[Saved data entries]
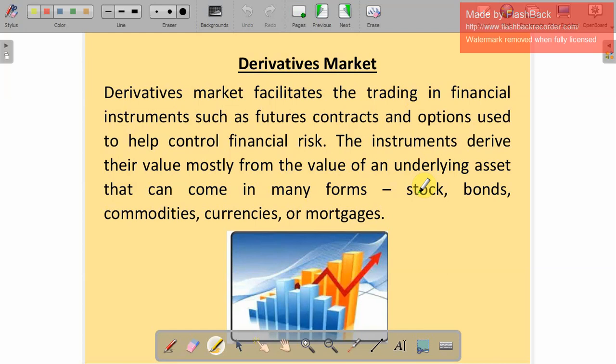So these are the different types of financial market — totally four segments: security market, derivative market, commodity market, and foreign exchange market. The security market is classified into capital market and money market. We discussed capital market in this class. In the next class, we are going to discuss the money market, derivative market, commodity market, and foreign exchange market in more detail. I hope you understand, students.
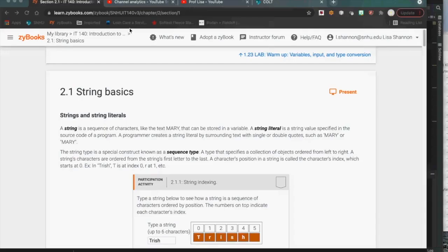This week we're talking about strings. String is a basic type in Python, and Python for the most part assumes everything is a string unless you tell it otherwise. Anything that comes in from an input statement, Python is going to assume it's a string.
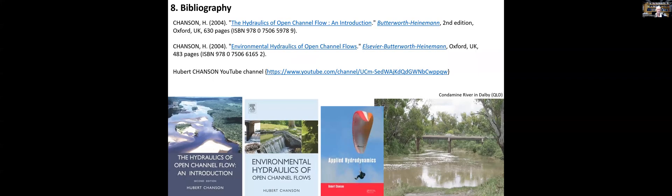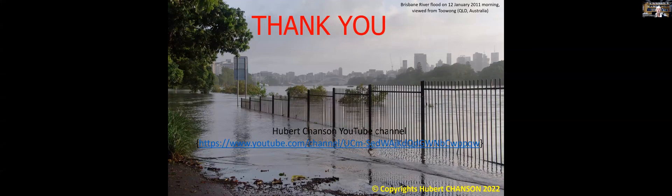The continuity equation should remain unchanged. And among the well-known simplifications, the diffusive wave and the kinematic wave. For those interested, here is a number of relevant bibliography, including a YouTube channel. Thank you very much.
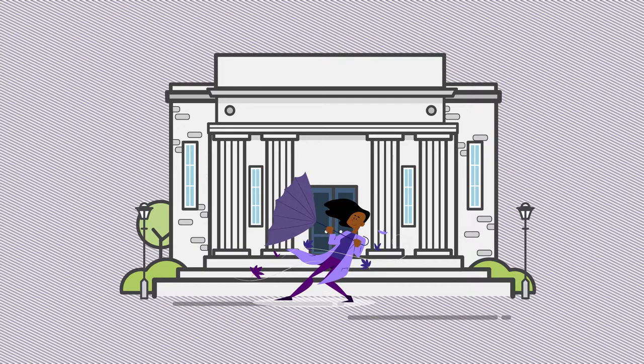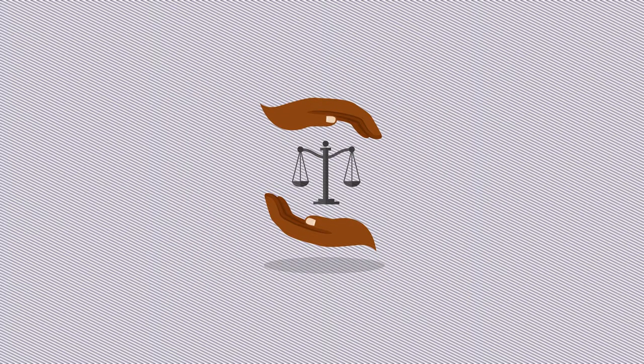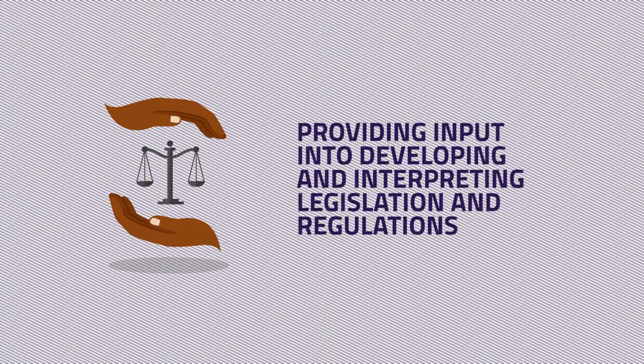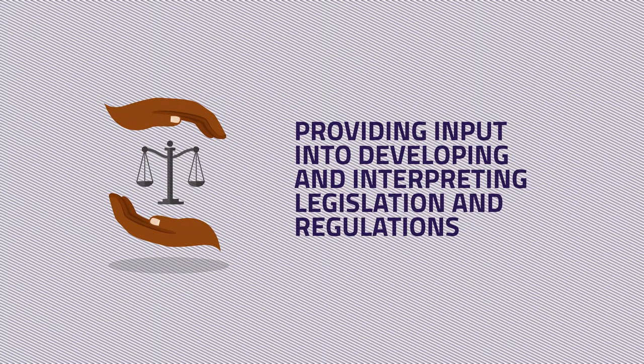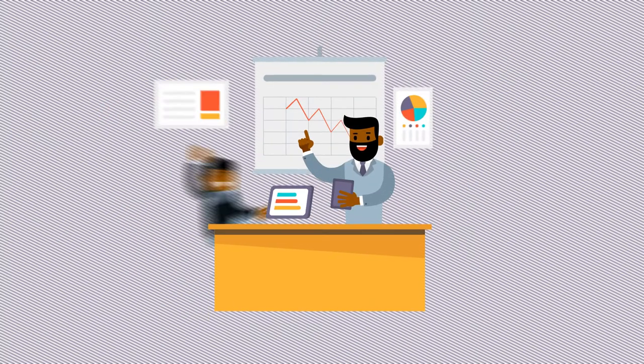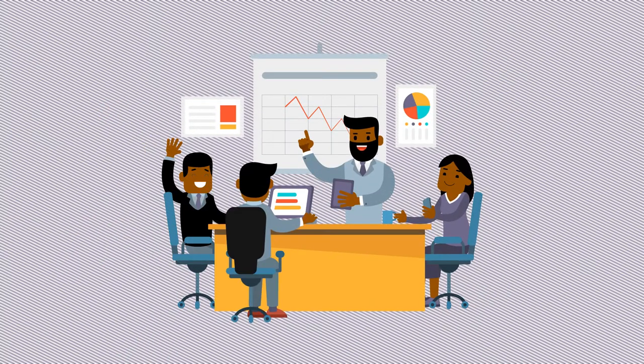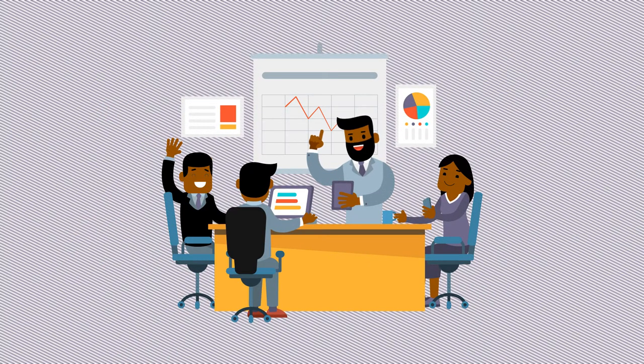While on the other hand, regulation involves providing inputs into developing and interpreting legislation and regulations, issuing guidelines, and approving requests from regulated financial institutions.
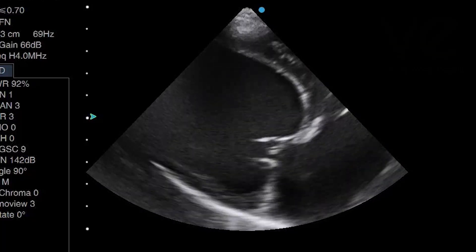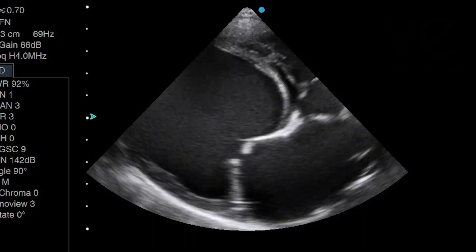If mitral regurgitation is secondary, it's leaking because of a cause outside of the valve itself. The valve might actually be structurally normal. An example of this is dilated cardiomyopathy. With a dilated left ventricle and left atrium, the annulus is stretched and the valve leaflets no longer meet together during systole. This will cause a leak, which is actually due to the stretched annulus, not due to any problem with the valve leaflets themselves.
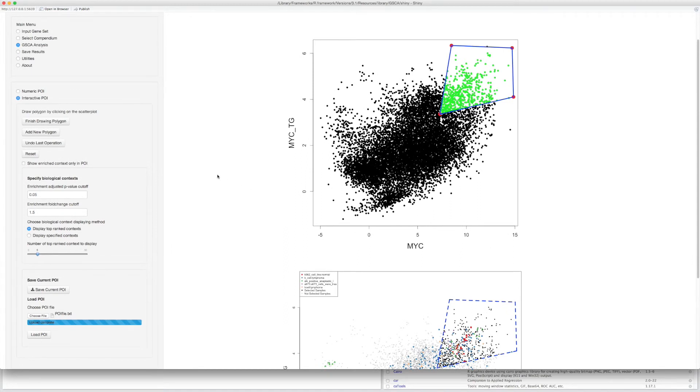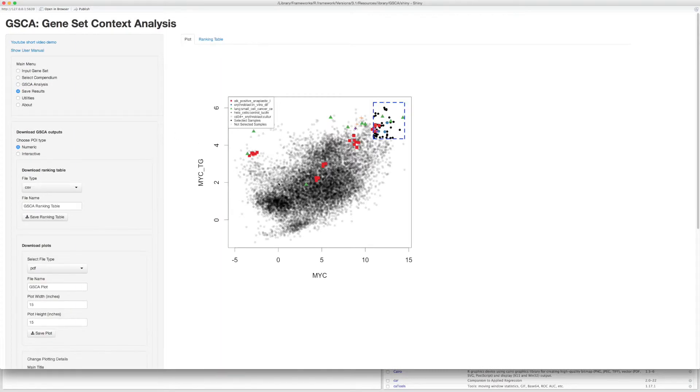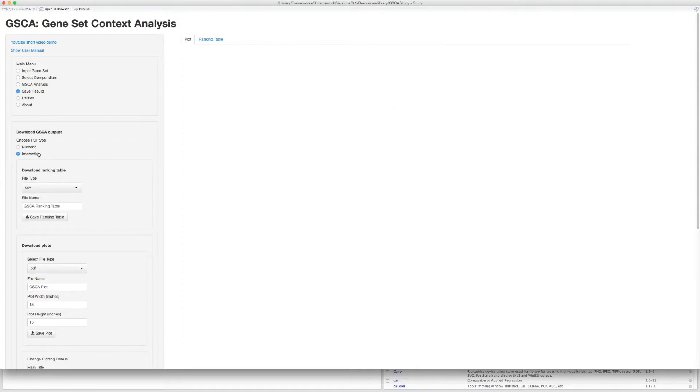After you have finished the GSCA analysis, you can go to the download step to customize and save all the outputs. You can choose to use the results from numerical or interactive POI.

> **Exercise aim**: Please, leaving out all pictures, transcribe exactly the lines above from the one containing "If mitral regurgitation" through the final line, both included.

> **Your solution**:
If mitral regurgitation is secondary, it's leaking because of a cause outside of the valve itself. The valve might actually be structurally normal. An example of this is dilated cardiomyopathy. With a dilated left ventricle and left atrium, the annulus is stretched and the valve leaflets no longer meet together during systole. This will cause a leak, which is actually due to the stretched annulus, not due to any problem with the valve leaflets themselves.
After you have finished the GSCA analysis, you can go to the download step to customize and save all the outputs. You can choose to use the results from numerical or interactive POI.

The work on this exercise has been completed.